__Information shown__:
......

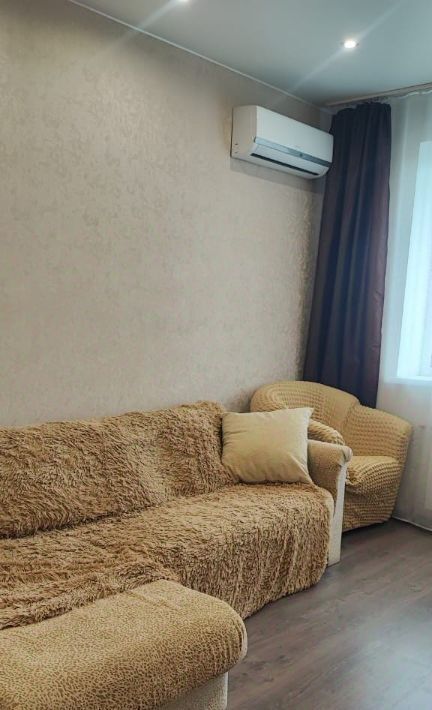 квартира г Саратов р-н Заводской ул. Имени Г. К. Орджоникидзе, 42А фото 4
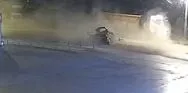 ankarada-feci-kaza-otomobil-kamyona-ok-gibi-saplandi-3-kisinin-hayatini-kaybettigi-olay-anbean-kamerada-1782193361096.jpg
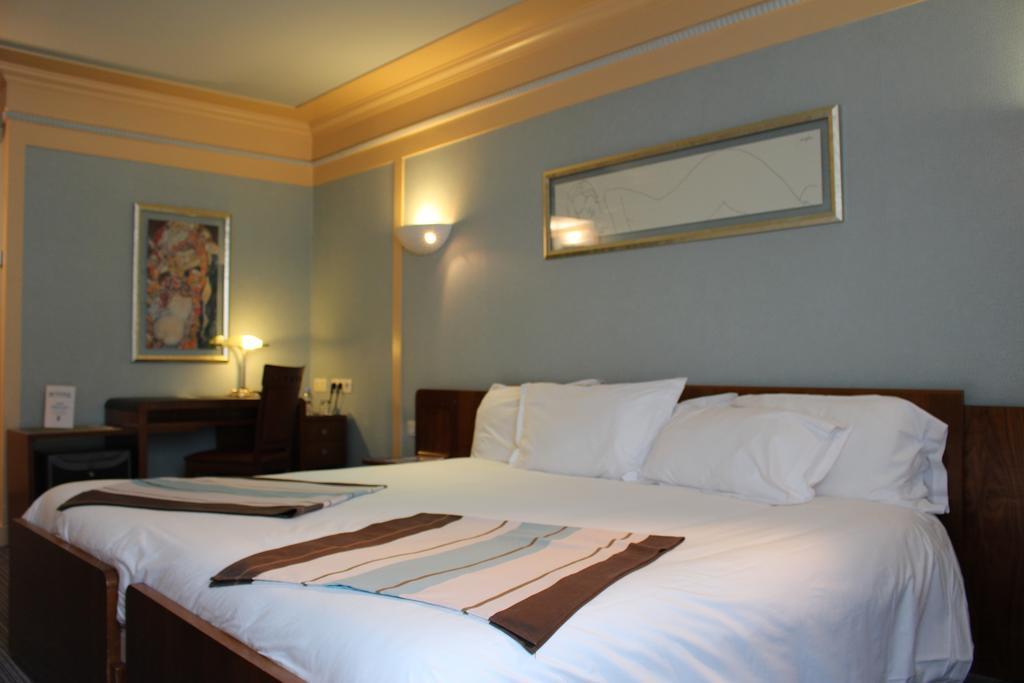 Art Deco Euralille 3* Lille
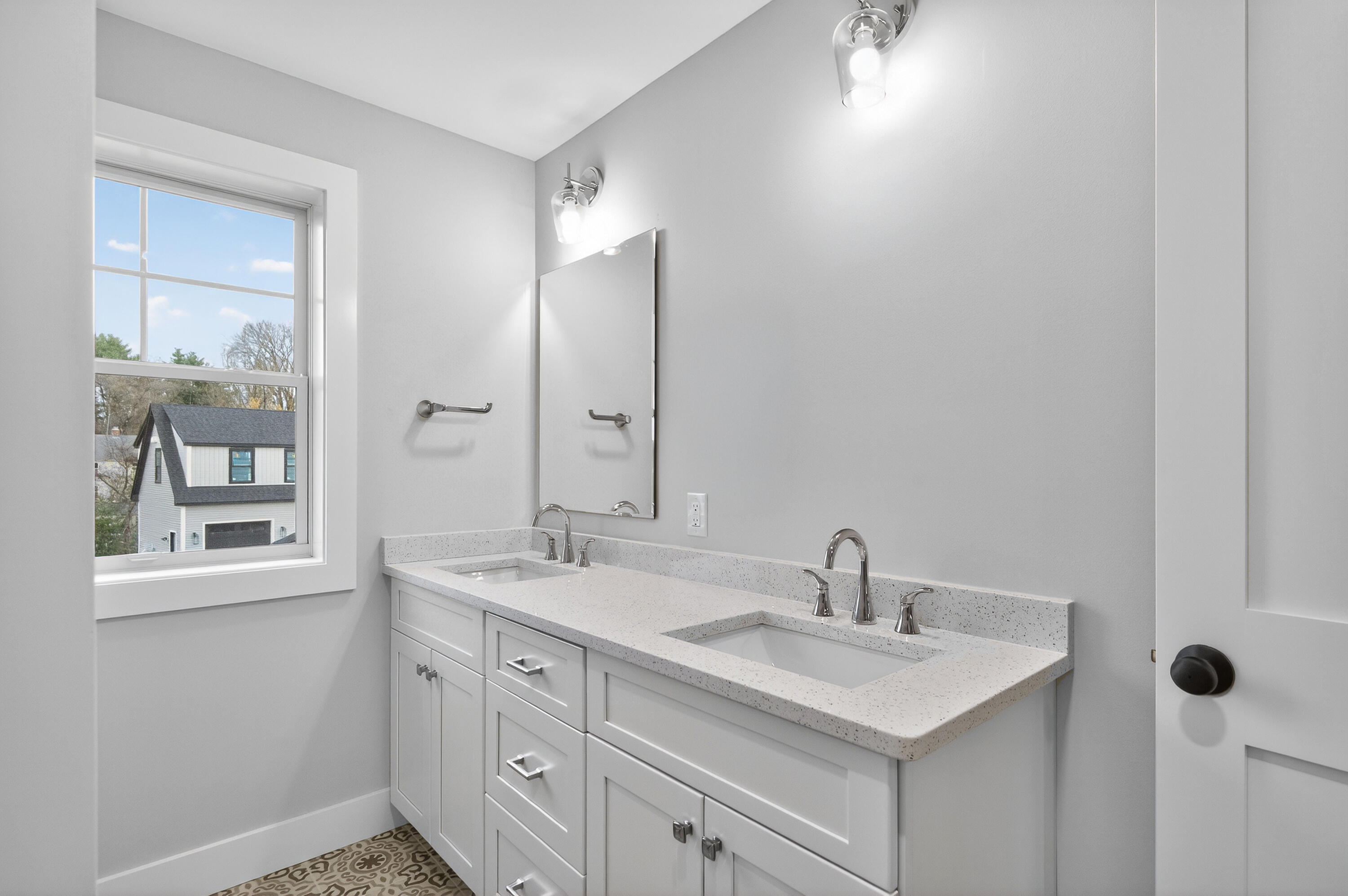 149 Owl's Nest Road Portland ME 04102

......

__Task details__: Return each line from the material above exactly, but not the pictures.

__Answer for the task__:
 квартира г Саратов р-н Заводской ул. Имени Г. К. Орджоникидзе, 42А фото 4
 ankarada-feci-kaza-otomobil-kamyona-ok-gibi-saplandi-3-kisinin-hayatini-kaybettigi-olay-anbean-kamerada-1782193361096.jpg
 Art Deco Euralille 3* Lille
 149 Owl's Nest Road Portland ME 04102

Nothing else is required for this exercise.